The pyscript that I used to implement topic models is here. I started with tokenizing and stemming each documents:

def preprocess(text):
	stop = set(stopwords.words('english'))
	stemmer = SnowballStemmer("english")

	doc_tokenized = word_tokenize(text.decode('utf-8').lower())
	doc_stop_stem = [word for word in doc_tokenized if re.search('[a-zA-Z]', word) and (word not in stop)]
	return doc_stop_stem

The corpus is transformed in to either bag of words or tfidf vectors.

class topic_model():
	def prepare_doc(self, fname):
		...
		self.dictionary = corpora.Dictionary(self.docs)
		self.corpus = [self.dictionary.doc2bow(doc) for doc in self.docs]
		self.tfidf = models.TfidfModel(self.corpus, id2word=self.dictionary)
		self.corpus_tfidf = self.tfidf[self.corpus]

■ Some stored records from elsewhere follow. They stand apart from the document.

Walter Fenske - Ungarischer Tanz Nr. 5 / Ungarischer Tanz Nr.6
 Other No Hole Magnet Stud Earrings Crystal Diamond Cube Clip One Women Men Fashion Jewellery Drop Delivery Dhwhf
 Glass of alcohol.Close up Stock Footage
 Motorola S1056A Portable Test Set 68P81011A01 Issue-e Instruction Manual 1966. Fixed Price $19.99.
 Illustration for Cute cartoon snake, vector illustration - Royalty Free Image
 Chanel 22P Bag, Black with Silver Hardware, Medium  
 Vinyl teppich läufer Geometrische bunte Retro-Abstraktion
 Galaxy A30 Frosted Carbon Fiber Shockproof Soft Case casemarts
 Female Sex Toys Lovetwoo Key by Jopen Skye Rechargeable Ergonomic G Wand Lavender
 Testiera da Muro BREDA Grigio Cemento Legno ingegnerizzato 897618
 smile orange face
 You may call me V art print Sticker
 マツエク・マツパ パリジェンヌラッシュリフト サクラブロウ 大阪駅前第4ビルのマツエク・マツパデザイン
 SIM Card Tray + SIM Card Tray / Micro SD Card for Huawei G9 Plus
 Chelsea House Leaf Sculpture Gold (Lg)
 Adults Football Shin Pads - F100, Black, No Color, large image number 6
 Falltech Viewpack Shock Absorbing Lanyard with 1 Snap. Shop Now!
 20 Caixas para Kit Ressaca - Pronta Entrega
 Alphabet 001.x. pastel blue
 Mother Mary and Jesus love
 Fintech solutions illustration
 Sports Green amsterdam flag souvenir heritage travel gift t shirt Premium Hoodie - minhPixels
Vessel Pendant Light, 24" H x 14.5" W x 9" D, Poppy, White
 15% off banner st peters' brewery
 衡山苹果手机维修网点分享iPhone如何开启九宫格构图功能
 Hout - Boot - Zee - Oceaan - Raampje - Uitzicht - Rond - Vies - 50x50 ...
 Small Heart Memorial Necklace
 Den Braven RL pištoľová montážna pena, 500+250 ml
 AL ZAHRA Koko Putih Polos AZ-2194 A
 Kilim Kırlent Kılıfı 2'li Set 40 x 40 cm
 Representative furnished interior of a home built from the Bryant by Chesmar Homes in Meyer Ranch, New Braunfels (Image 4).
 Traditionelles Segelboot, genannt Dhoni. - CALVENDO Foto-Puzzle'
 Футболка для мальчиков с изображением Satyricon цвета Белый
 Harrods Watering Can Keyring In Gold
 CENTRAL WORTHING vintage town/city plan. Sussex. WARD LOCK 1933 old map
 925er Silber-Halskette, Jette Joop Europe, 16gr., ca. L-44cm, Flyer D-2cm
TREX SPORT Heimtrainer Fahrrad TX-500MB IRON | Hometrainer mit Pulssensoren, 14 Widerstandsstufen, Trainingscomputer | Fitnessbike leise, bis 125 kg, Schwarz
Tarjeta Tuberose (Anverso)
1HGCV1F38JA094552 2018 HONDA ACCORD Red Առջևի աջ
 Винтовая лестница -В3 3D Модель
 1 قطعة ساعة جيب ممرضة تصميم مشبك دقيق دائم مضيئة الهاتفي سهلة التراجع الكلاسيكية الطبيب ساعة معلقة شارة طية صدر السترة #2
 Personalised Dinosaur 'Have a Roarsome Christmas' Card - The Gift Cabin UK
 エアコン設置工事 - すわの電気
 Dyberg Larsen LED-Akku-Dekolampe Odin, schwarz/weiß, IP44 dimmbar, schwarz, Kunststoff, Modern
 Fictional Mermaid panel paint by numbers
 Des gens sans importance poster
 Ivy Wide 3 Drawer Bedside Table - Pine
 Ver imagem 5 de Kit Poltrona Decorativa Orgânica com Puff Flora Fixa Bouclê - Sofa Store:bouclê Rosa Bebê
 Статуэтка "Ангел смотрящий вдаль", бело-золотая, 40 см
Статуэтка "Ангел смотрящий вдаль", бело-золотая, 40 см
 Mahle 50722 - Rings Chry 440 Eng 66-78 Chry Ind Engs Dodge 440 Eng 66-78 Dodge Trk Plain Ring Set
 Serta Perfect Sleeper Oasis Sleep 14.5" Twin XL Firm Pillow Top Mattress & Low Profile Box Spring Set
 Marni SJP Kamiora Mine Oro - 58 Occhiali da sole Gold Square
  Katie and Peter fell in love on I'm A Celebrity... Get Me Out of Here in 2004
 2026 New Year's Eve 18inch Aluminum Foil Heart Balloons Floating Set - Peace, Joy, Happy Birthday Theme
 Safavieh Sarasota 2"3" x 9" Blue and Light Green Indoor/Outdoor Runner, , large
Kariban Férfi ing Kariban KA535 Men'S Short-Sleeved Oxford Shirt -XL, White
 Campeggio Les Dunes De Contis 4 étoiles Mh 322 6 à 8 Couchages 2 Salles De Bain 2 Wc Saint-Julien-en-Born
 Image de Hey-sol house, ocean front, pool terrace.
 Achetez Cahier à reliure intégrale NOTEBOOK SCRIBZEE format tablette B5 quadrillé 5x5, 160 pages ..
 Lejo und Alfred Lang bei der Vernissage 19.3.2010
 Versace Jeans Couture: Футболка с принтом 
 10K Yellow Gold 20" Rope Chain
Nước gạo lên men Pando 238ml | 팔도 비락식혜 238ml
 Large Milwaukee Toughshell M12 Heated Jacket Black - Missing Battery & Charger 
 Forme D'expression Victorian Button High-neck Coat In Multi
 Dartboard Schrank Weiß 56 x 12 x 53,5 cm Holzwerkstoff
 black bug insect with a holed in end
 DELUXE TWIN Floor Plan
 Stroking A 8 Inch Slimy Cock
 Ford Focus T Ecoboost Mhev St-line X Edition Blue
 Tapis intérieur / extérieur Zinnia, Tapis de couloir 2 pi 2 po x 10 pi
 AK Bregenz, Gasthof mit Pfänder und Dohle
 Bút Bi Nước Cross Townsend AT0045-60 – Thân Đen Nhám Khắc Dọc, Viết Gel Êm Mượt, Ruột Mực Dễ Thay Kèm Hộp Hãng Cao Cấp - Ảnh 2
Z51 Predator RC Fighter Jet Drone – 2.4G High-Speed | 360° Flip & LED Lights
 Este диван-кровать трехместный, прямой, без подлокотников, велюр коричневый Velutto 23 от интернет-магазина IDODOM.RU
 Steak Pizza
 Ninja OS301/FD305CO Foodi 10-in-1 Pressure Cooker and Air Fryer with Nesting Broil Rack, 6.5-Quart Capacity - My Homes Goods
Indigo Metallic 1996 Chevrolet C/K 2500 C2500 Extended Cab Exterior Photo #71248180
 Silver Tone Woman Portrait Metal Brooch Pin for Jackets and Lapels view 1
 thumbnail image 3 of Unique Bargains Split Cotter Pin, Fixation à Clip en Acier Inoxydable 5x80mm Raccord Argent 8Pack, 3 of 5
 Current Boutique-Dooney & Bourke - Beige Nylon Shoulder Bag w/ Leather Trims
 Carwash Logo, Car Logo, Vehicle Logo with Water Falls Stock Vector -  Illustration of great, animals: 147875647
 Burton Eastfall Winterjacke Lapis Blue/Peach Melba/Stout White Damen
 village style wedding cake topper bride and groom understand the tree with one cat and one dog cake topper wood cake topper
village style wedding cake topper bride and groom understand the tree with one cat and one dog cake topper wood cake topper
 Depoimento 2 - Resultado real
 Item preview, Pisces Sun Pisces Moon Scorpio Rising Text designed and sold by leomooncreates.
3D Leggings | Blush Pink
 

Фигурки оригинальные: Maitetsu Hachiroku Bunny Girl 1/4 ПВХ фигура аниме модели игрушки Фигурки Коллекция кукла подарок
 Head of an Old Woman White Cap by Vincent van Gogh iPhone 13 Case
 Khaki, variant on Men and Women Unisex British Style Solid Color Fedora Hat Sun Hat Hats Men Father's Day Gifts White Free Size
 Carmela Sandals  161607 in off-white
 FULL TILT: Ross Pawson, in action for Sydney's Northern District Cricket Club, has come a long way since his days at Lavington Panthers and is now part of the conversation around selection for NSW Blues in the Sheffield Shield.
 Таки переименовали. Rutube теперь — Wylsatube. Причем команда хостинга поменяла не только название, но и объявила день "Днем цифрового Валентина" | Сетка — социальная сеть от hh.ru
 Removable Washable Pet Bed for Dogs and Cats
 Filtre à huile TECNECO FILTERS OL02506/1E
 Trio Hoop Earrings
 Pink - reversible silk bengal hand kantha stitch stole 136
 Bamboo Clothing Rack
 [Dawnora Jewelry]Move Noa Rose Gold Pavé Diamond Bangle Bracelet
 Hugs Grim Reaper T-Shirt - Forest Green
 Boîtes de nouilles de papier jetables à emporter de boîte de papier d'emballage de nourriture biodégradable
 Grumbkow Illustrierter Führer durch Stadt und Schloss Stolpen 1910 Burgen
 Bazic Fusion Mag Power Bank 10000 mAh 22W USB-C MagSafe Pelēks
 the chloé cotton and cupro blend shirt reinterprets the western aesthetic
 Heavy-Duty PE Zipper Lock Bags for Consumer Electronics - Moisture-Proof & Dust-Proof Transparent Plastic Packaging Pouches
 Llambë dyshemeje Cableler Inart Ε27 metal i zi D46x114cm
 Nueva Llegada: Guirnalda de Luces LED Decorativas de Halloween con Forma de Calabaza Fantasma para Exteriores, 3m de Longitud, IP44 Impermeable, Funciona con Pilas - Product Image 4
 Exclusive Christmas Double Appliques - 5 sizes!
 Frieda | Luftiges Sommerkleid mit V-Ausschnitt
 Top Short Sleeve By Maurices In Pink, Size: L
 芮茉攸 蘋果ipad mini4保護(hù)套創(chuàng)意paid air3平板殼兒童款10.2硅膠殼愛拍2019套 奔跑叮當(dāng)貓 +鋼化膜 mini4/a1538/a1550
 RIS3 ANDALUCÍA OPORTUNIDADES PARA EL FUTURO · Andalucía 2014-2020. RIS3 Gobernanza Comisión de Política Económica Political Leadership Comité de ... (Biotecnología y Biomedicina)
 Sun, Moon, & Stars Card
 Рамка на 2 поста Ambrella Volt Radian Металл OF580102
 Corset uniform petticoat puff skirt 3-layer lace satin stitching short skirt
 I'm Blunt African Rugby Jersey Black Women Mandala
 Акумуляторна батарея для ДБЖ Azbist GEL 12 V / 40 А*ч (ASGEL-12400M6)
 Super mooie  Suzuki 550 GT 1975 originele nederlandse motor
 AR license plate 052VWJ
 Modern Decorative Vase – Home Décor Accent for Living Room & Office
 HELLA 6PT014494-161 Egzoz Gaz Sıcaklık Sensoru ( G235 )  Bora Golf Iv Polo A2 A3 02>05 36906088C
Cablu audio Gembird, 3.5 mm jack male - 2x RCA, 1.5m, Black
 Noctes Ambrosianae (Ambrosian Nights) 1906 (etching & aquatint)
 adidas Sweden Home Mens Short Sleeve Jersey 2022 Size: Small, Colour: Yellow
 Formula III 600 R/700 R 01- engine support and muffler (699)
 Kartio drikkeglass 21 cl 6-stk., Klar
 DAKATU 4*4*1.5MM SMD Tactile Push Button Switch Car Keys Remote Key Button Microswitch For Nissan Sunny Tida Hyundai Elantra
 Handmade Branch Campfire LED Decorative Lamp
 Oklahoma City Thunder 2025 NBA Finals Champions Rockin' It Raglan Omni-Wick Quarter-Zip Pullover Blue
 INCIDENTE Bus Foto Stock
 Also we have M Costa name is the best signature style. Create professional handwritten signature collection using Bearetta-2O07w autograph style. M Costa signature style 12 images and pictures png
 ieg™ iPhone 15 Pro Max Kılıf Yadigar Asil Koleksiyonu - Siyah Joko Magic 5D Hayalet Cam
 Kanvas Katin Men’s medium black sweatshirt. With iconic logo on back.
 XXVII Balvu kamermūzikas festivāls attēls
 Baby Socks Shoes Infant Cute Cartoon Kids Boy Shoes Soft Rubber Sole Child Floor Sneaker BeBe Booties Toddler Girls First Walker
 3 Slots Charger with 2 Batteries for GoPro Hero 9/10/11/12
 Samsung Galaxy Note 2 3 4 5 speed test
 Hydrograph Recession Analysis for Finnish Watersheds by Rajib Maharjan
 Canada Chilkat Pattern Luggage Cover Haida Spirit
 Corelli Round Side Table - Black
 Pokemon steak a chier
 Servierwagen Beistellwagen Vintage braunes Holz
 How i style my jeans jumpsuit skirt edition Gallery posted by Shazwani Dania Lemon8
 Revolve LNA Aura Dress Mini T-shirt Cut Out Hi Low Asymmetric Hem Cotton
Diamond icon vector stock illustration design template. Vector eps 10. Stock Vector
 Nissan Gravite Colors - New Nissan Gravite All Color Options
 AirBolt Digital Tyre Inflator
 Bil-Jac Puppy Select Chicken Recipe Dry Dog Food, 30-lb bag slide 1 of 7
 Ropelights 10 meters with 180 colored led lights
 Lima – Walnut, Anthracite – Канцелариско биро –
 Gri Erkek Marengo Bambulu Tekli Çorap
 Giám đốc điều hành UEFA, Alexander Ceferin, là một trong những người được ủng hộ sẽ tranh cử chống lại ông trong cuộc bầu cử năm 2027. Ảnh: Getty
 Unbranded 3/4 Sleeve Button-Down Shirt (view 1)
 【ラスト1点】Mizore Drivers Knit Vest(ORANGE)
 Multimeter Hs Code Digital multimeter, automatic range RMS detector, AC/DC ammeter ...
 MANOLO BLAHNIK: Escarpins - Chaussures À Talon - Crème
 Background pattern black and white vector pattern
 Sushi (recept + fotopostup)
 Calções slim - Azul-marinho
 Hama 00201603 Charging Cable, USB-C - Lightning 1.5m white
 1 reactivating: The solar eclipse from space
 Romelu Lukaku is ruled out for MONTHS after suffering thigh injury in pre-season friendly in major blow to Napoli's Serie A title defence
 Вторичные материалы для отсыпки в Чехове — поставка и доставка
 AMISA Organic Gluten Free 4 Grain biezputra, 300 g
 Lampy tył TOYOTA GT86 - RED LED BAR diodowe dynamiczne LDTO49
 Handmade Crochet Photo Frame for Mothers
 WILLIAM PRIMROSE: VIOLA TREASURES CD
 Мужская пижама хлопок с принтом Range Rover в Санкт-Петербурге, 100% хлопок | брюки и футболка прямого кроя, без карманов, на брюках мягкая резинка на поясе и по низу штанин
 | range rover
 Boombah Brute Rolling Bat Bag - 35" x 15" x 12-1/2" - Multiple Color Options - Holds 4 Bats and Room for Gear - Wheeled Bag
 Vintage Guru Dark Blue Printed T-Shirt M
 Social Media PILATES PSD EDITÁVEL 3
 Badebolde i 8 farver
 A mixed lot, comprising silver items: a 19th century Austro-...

The process can be implemented with lda, lsi or log entropy model.

class topic_model():
	def train(self, method='lda_tfidf', K=10):
		if method == 'lda_tfidf':
			logging.info("Training LDA model with tfidf.")
			self.model = models.LdaModel(corpus=self.corpus_tfidf, num_topics=K, id2word=self.dictionary)
		elif method == 'lda':
			logging.info("Training LDA model.")
			self.model = models.LdaModel(corpus=self.corpus, num_topics=K, id2word=self.dictionary)
		elif method == 'lsi_tfidf':
			logging.info("Training LSI model with tfidf.")
			self.model = models.LsiModel(corpus=self.corpus_tfidf, num_topics=K, id2word=self.dictionary)
		elif method == 'logentropy':
			logging.info("Training log-entropy model.")
			self.model = models.LogEntropyModel(corpus=self.corpus, id2word=self.dictionary)
		else:
			msg = "Unknown semantic method %s." % method
			logging.error(msg)
			raise NotImplementedError(msg)

The topic models are especially useful for calculating document similarities, finding related documents to a new query, and discovering semantic words.